**Task requirements**.
Copy out the data below from the line containing "Menu Da L Albero Cocciuto Pub Bar Roma" to the line containing "Black Matte Finish", both lines included, with all images left out.

**Materials provided**.
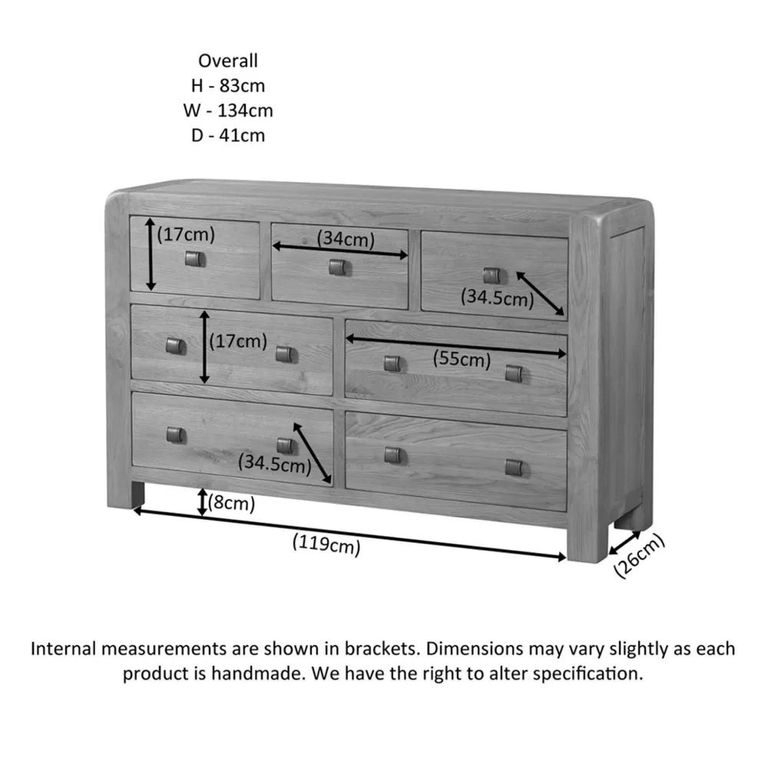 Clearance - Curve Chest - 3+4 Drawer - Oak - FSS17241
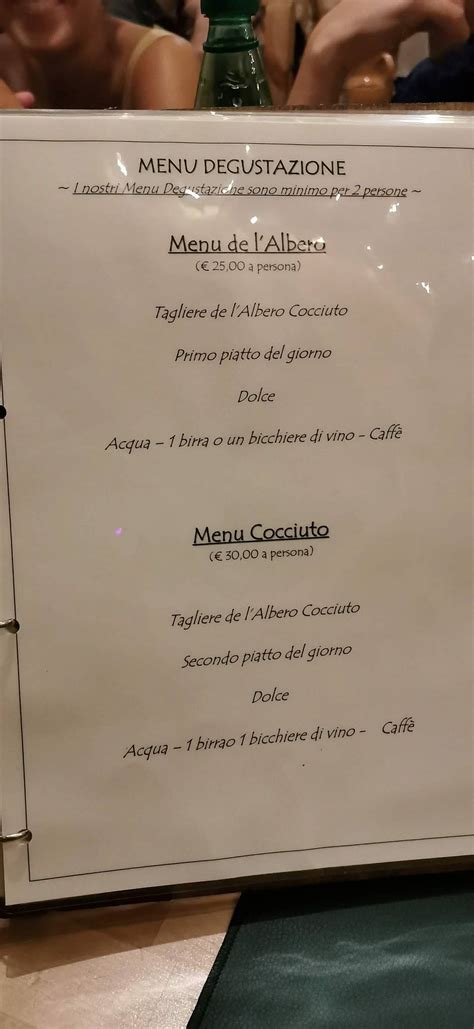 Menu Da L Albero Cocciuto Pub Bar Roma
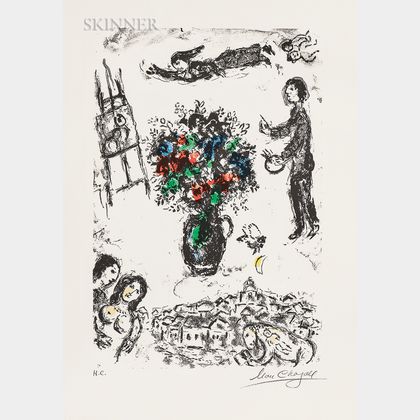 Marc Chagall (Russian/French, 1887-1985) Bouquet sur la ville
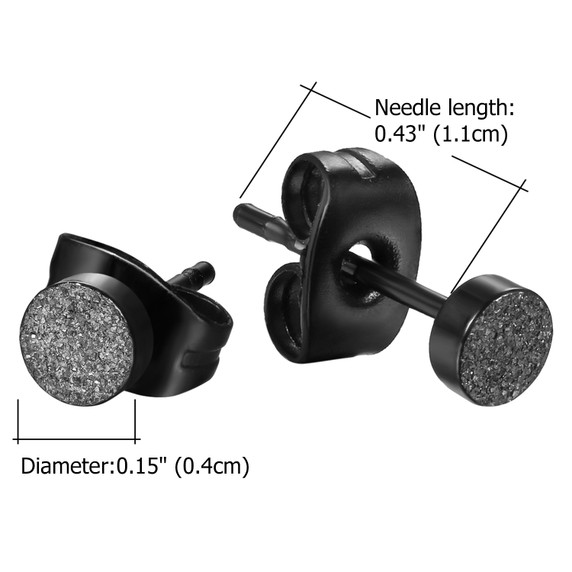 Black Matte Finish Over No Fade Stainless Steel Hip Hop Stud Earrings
--
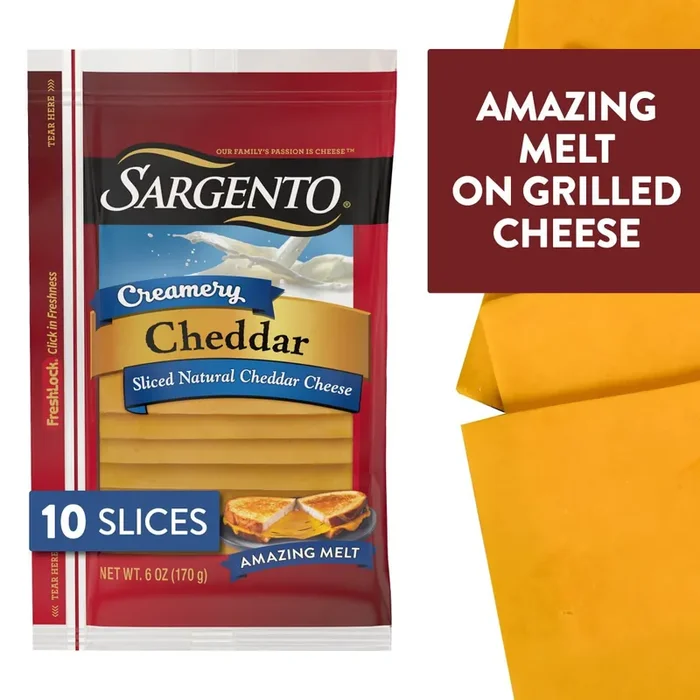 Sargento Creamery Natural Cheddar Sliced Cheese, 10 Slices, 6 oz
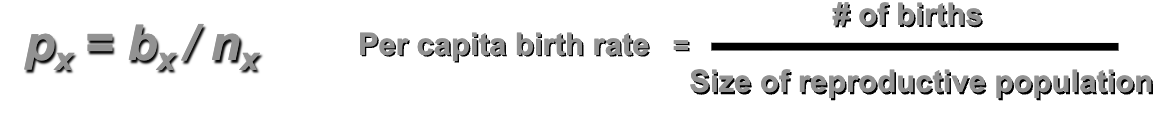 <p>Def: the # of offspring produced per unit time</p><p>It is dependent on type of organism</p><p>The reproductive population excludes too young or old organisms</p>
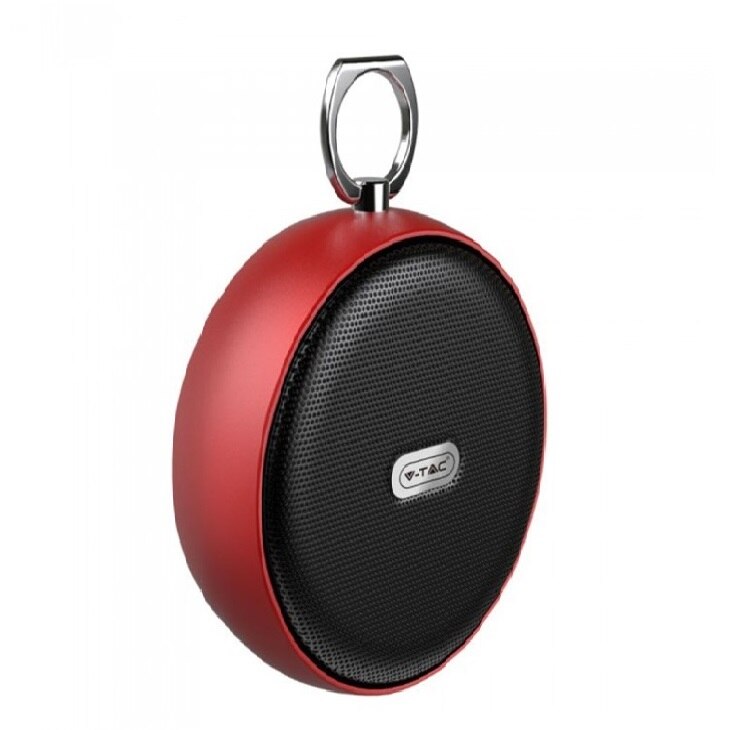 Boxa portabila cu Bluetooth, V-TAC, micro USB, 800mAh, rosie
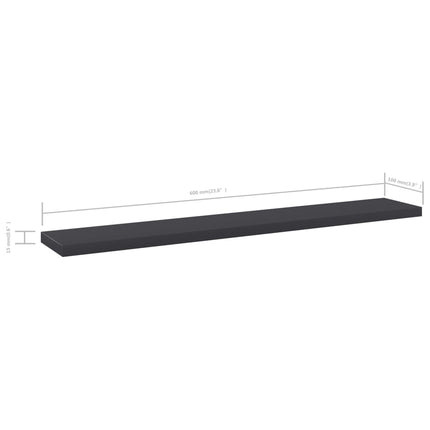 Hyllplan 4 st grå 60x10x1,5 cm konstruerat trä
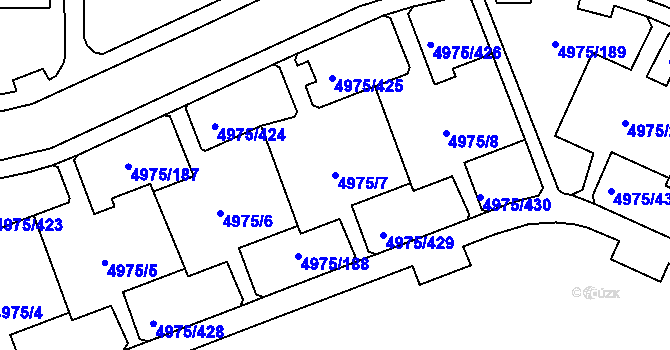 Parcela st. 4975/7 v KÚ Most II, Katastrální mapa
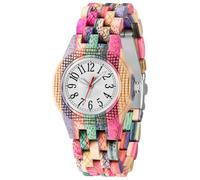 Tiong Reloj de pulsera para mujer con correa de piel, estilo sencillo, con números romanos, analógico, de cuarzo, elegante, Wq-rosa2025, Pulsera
---
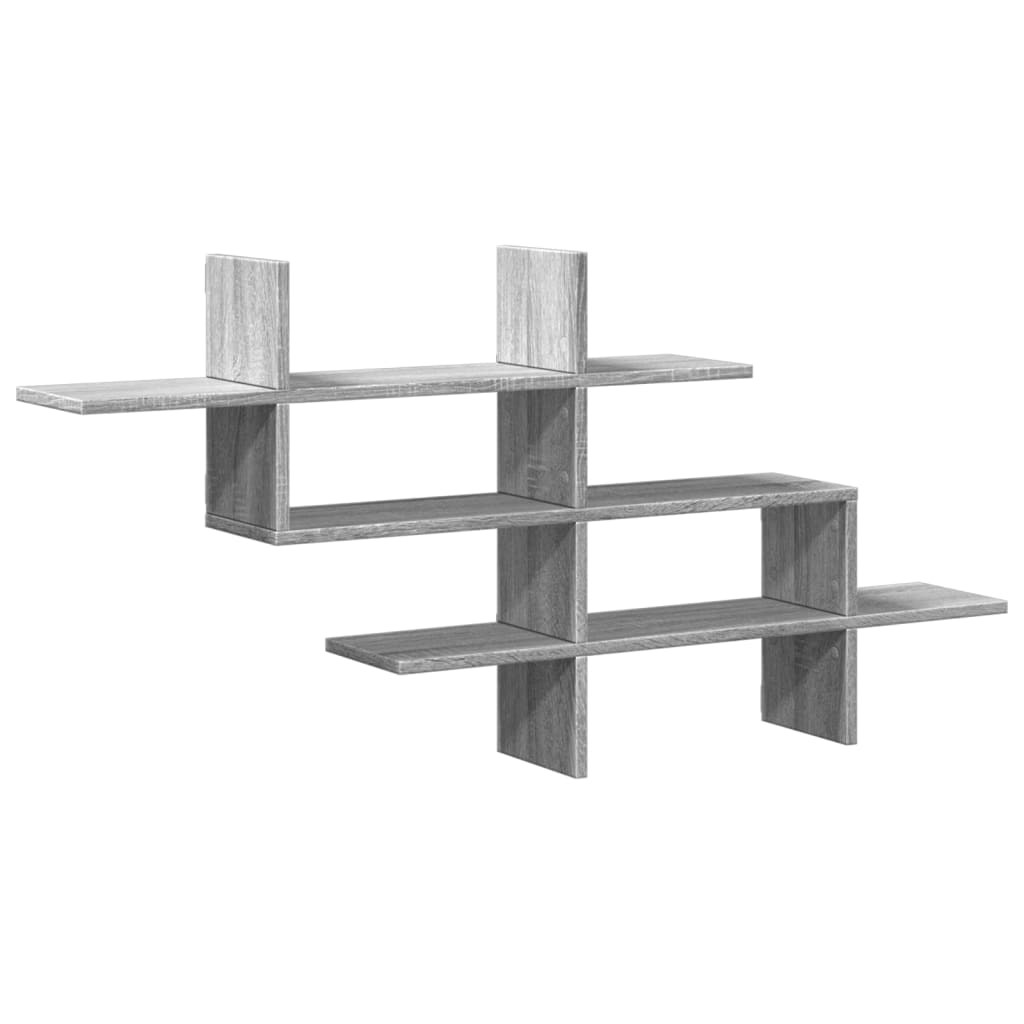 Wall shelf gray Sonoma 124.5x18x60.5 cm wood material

**Response**.
 Menu Da L Albero Cocciuto Pub Bar Roma
 Marc Chagall (Russian/French, 1887-1985) Bouquet sur la ville
 Black Matte Finish Over No Fade Stainless Steel Hip Hop Stud Earrings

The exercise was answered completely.